Whilst the opportunity to be part of an institution such as the LSE is in itself a privilege; to be judged, assessed and promoted on the strength of one’s ability is not, it is an inalienable right undoubtedly conferred by that opportunity. LSE is openly celebratory of its commitment to diversity, but how much of that diversity is reflected in its hierarchy? If the bar must be equal – with the same standards for women as they are for men, then it must be seen to be equal for all – men, women, black, white or brown.

The term ‘equal opportunities’ needs to be rethought, for if we say that all men and women are equal, then this must apply to all, regardless of race and gender.
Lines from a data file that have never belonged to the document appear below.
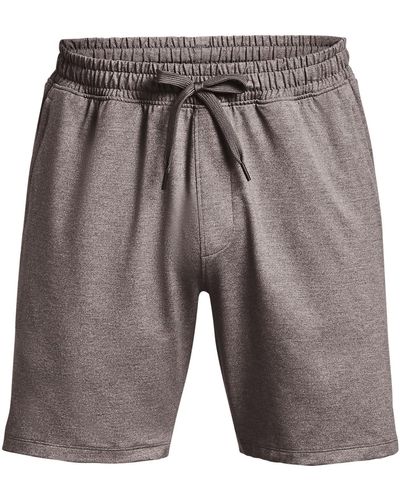 Under Armour S Meridian Shorts Steel S - Grey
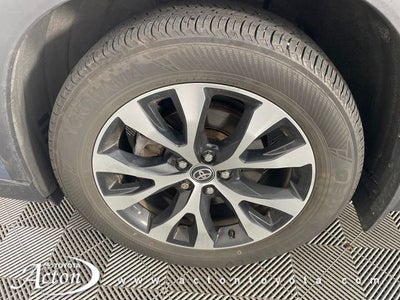 2024 Toyota Grand Highlander Hybrid MAX Limited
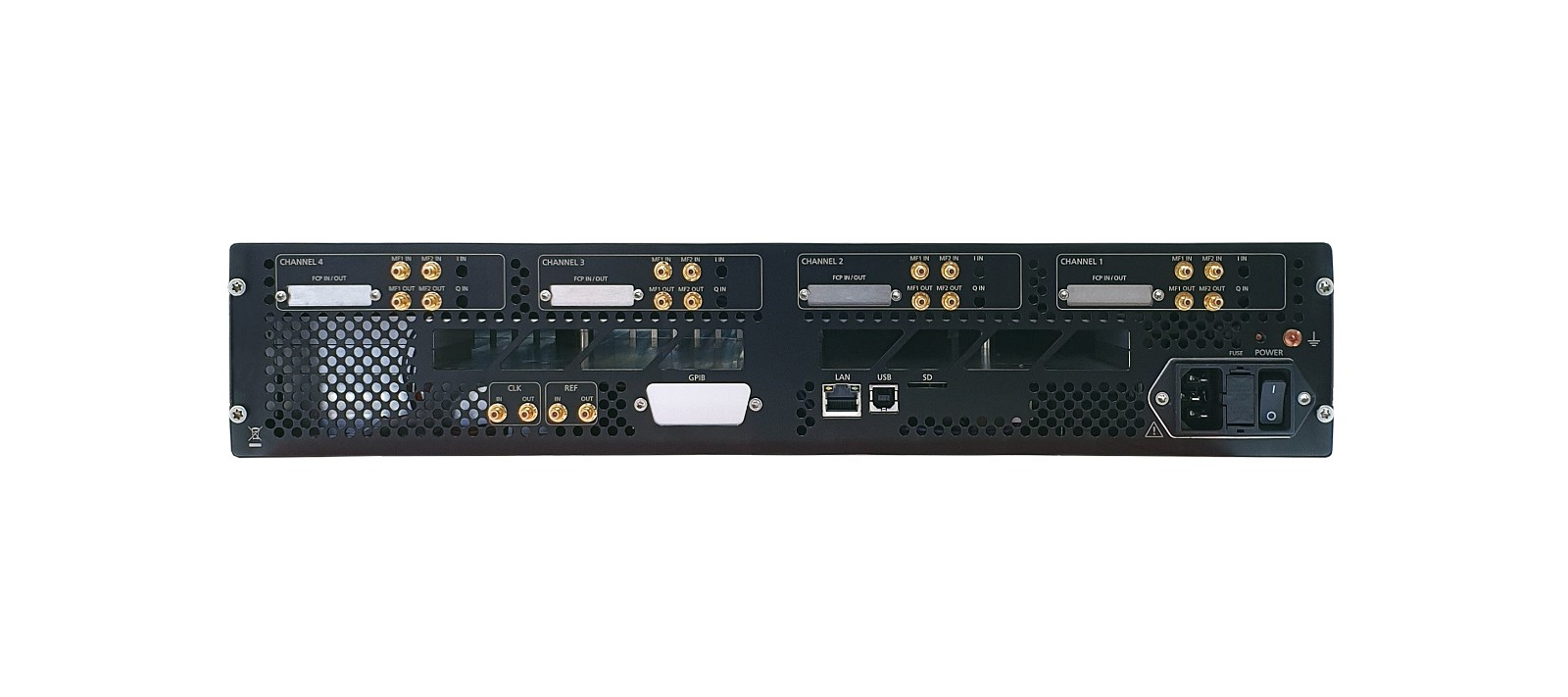 APVSG 04-X多通道矢量信號發生器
Equal opportunity forms appear to have become mere procedural boxes to tick, whilst applicants remain completely oblivious of whether or not they go any farther than the recycling bin.
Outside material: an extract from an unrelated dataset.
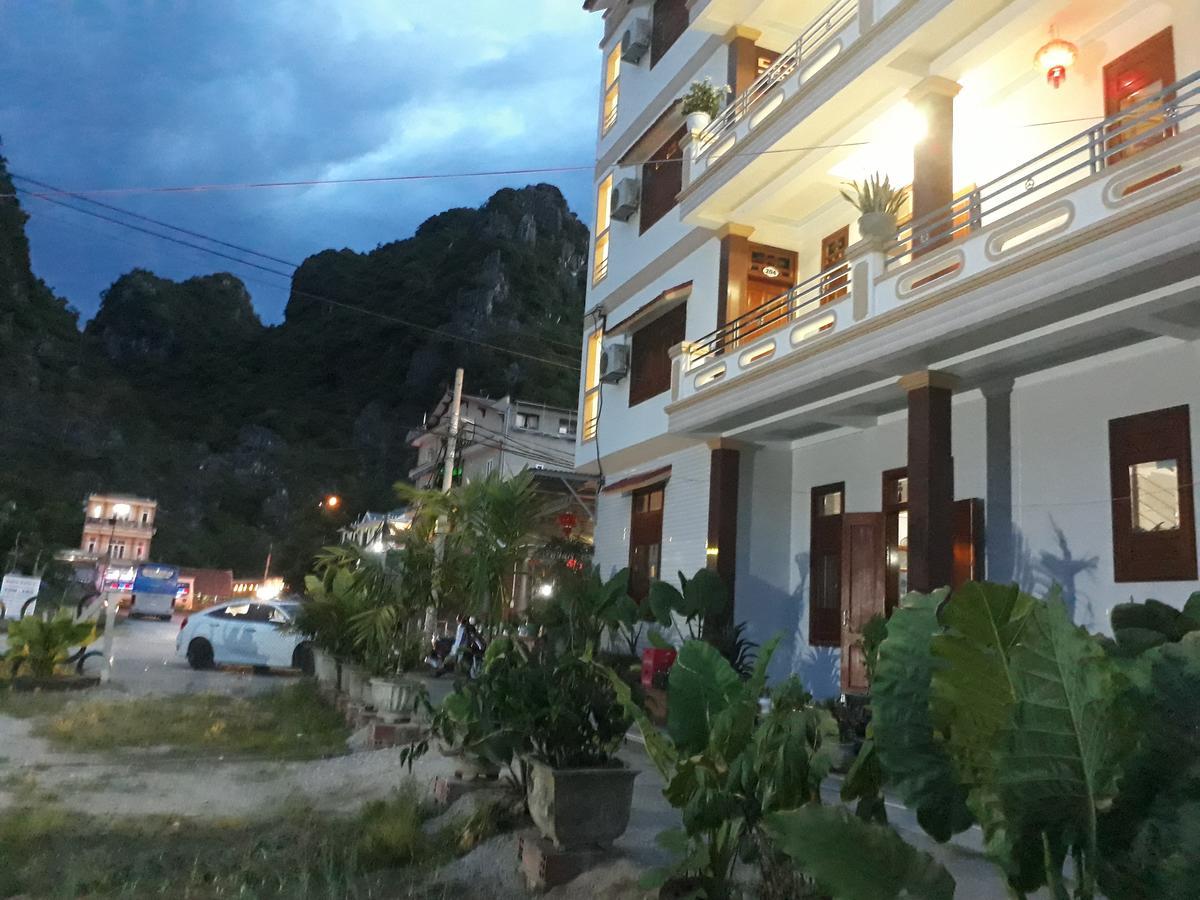 An Binh Homestay Phong Nha Zewnętrze zdjęcie
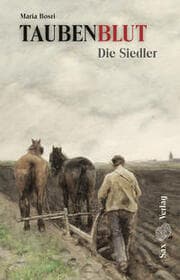 Cover von Taubenblut. Die Siedler (Band 1)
The use of quotas, though in good faith, are not the solution. There is the risk of ‘tokenism’ and the tendency for one to be judged on the basis of collective limitation, rather than individual ability. The latter is not only important, but essential, for most would rather be judged on the strength of their individual ability, worth and contribution to organisational growth and development.

These are no idealistic or simplistic approaches, but rather a firm and transparent rhetorical and actionable alignment with the values for which we exist, espouse and remain firmly committed – equal opportunities for all – regardless of race or gender. Anything short of that is institutional hypocrisy.

Excerpted with permission from Dr Vanessa Iwowo’s lecture ‘Black Women in Leadership’ on 22 October 2015.